Problem: From the first line to the last, set down the material exactly, leaving out its pictures.

** Opening Data section block **

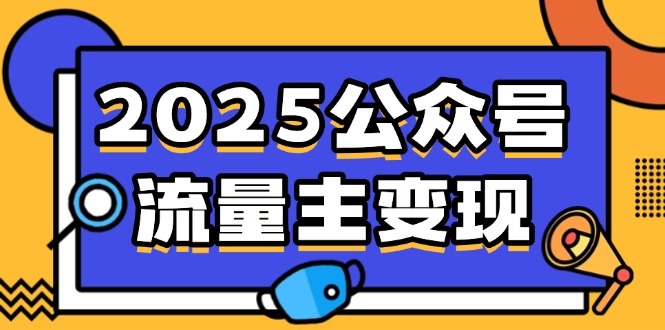 2025公众号流量主变现，0成本启动，AI产文，小绿书搬砖全攻略！-小肥鱼网创-十年互联网创业实战派 | 专注精准流量获取与转化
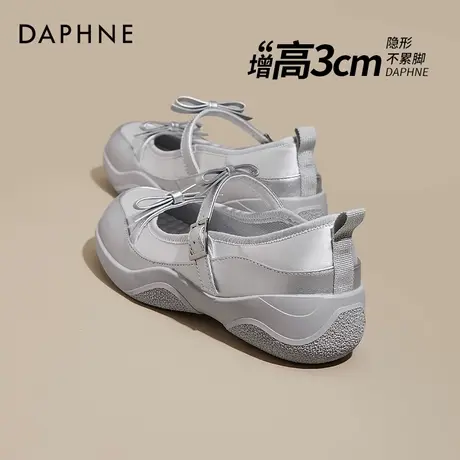 达芙妮运动玛丽珍女鞋2025春季新款厚底小白鞋银色浅口芭蕾舞单鞋图片
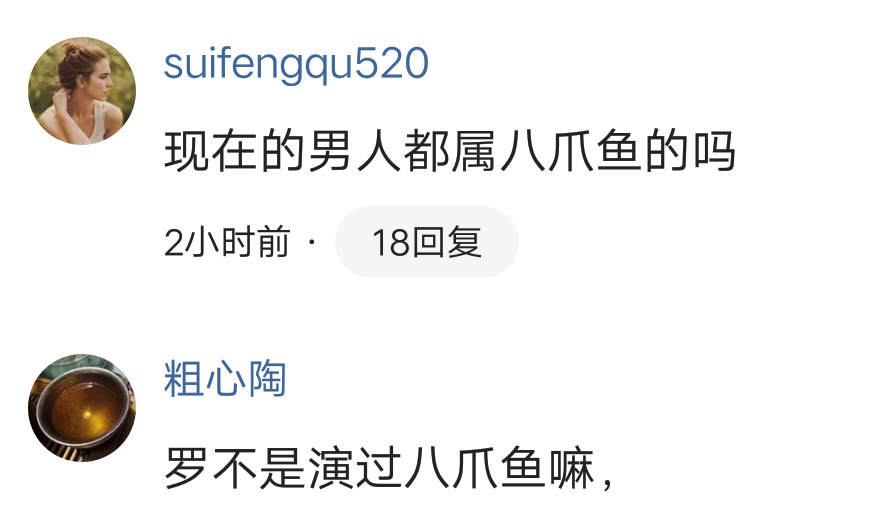 不做刀下八爪鱼！张雨绮首当其冲，愤怒全在令人胆寒的咔嚓声里！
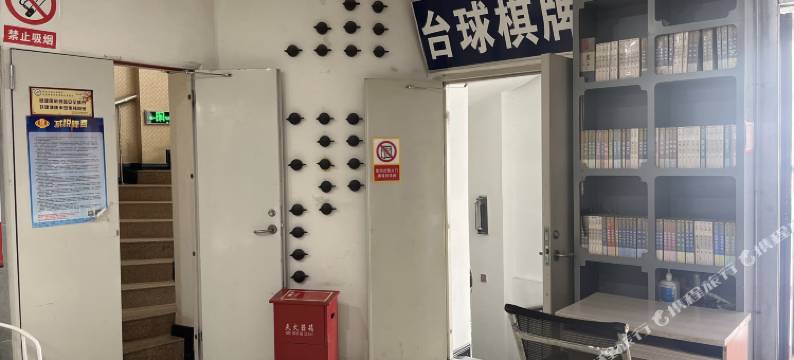 哈密忆HOTEL图片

** Closing Data section block **

Response box:
 2025公众号流量主变现，0成本启动，AI产文，小绿书搬砖全攻略！-小肥鱼网创-十年互联网创业实战派 | 专注精准流量获取与转化
 达芙妮运动玛丽珍女鞋2025春季新款厚底小白鞋银色浅口芭蕾舞单鞋图片
 不做刀下八爪鱼！张雨绮首当其冲，愤怒全在令人胆寒的咔嚓声里！
 哈密忆HOTEL图片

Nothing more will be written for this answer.